What happened is Bill, even though he was really the software guy, became convinced in, I think it was 1984, that Motorola and the whole microprocessor architecture they were using, which was the 68000, was just not keeping up, or not taking advantage of what the technology could do. And after some interesting investigations, we concluded that we might as well design our own architecture, which was, for a small startup company, quite the bold thing to do. What was correct about this was it gave us a performance lead for many, many years, and then [we grew] the company to many, many billion dollars. So it was actually a very successful decision. Now, I was not involved in the original SPARC chip design. However, I was involved in the design of SPARCstation 1, which was really the first high-volume product around SPARC, which was a pizza-box workstation that was launched in 1989. And that was actually Sun's best-selling product for a while, and that was followed by the SPARCstation 2 and 10 and 20. And then I guess I got a little tired of doing all these workstations, so I decided there was a new opportunity in gigabit networking. But now I do see an opportunity back in the server space, and that's why I'm back here.
Do you think SPARC has much of a future at this point?
Well, it's the mainstream of the company. In fact, it's growing again. And the price performance and power efficiency of these multi threaded architectures is quite compelling. Now, having said that, it is Solaris-only, so it defines the Solaris market, whereas the industry-standard architecture of course runs Linux as well as Windows. From a volume perspective, the industry's architecture is way ahead. But we have a number of very loyal SPARC customers, and we don't see a reason to switch anytime soon, so we will keep investing in SPARC as long as that makes sense.
Would you say that Sun has righted the ship? I remember quarter after quarter after quarter where Sun was just getting bigger and bigger.And then during dot.com bust, Sun, like everybody else, slipped. Would you say that you righted the ship with the open-sourcing of Solaris and Java and that sort of thing?And also, what is your take on the open-sourcing of Java? I don't know if you ever actually publicly stated it.

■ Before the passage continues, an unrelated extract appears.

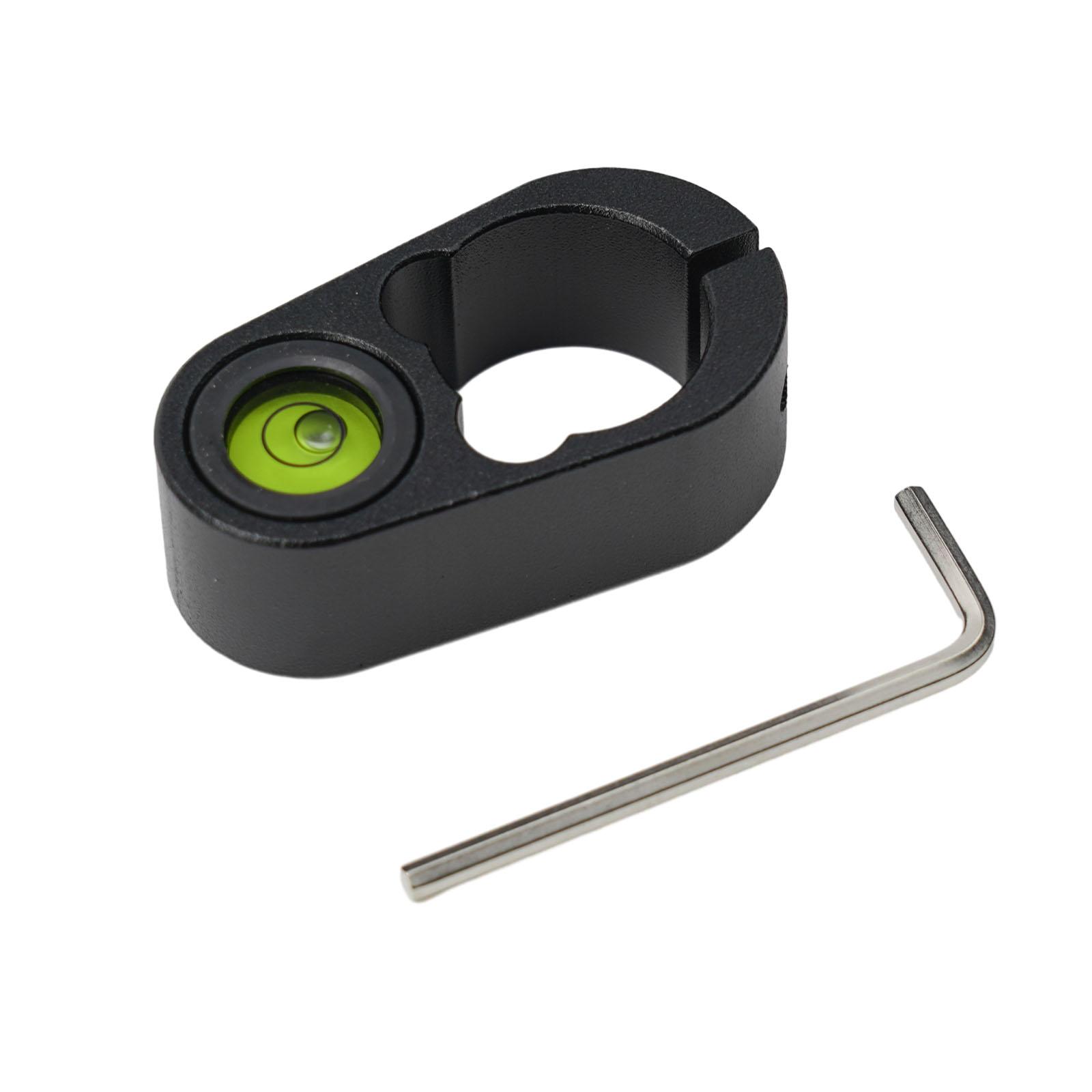 Blisters Center Rod White With Holder Centering Rod For GPS Mount Mapping Measuring Rod 1P Accessories Carbon Level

I wasn't at Sun when the crash happened. From the outsider's view, Sun probably reacted a little too slowly to the change in business fundamentally. So the company would have been better off at the time to downsize more quickly. But that was six years ago, so that's neither here nor there. The open-sourcing of Solaris is actually going very well. There have been over 5 million downloads to date. We don't actually know what people are doing with all these downloads. It's kind of fascinating to see people in Pakistan and India and China and all over the world downloading this code, and something interesting is about to happen here, I would think, and the same about Java of course. So perhaps the company should have opened up these systems sooner, but nobody's complaining about the fact that it's open now. And it certainly has received very positive feedback from developers and other people who want to make either extensions or just understand how this stuff is working.

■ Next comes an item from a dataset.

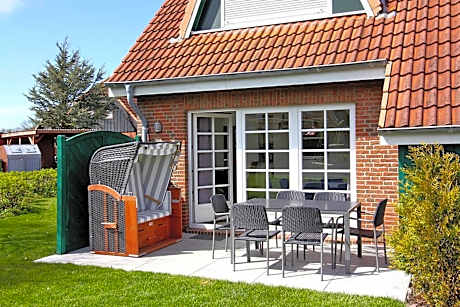 Ferienwohnung im Reihenhaus, Friedrichkoog-Spitze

When you say positive feedback from developers, you're talking about Solaris and Java, or just Solaris?
Well, I want to touch on the Solaris side. Java, of course, runs on all kinds of platforms, such as Solaris. But I'm not with the part of the company that's working on all the Java things, so I can't really speak to that.... Open-source software has a compelling advantage because the potential customers know that there's a difference in openness with open software than with any kind of closed software. And more and more governments and companies decide that that's the right thing to do.